REQUIRED ACTION: Transcribe the listing exactly; drop the images.
□ □ □ □
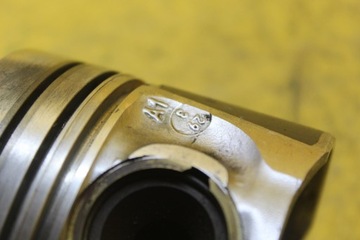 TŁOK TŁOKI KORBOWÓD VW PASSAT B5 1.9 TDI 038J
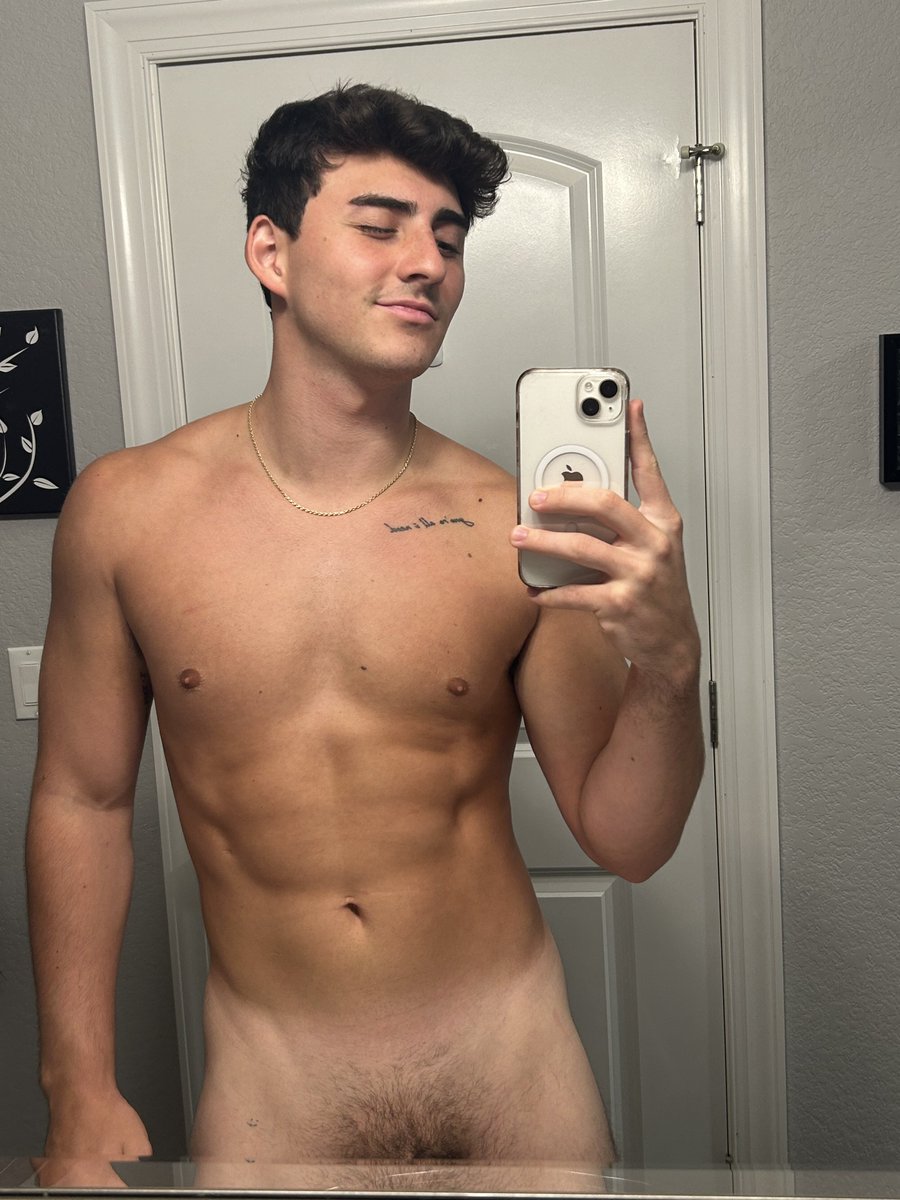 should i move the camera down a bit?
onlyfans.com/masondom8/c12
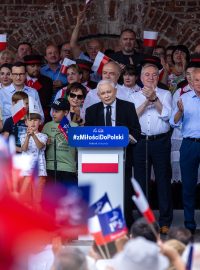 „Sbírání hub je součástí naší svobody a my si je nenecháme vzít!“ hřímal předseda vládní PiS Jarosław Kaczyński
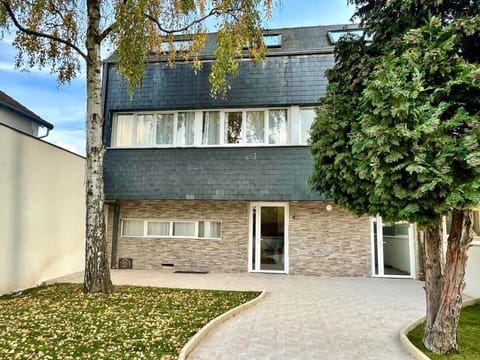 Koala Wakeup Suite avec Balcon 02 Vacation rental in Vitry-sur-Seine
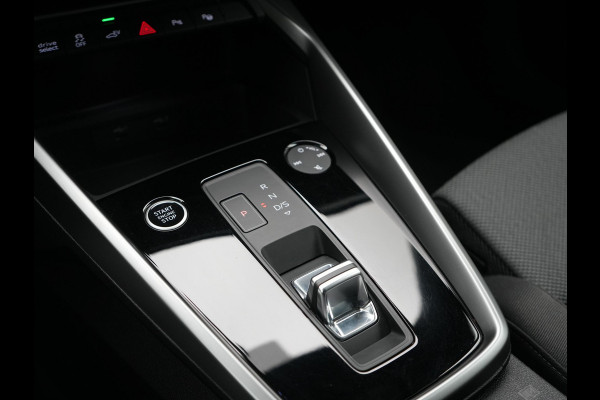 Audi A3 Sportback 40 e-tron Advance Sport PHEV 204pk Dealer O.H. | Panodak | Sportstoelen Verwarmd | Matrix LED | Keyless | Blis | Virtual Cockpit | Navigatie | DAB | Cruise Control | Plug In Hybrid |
□ □ □ □
WRITTEN RESPONSE:
 TŁOK TŁOKI KORBOWÓD VW PASSAT B5 1.9 TDI 038J
 should i move the camera down a bit?
onlyfans.com/masondom8/c12
 „Sbírání hub je součástí naší svobody a my si je nenecháme vzít!“ hřímal předseda vládní PiS Jarosław Kaczyński
 Koala Wakeup Suite avec Balcon 02 Vacation rental in Vitry-sur-Seine
 Audi A3 Sportback 40 e-tron Advance Sport PHEV 204pk Dealer O.H. | Panodak | Sportstoelen Verwarmd | Matrix LED | Keyless | Blis | Virtual Cockpit | Navigatie | DAB | Cruise Control | Plug In Hybrid |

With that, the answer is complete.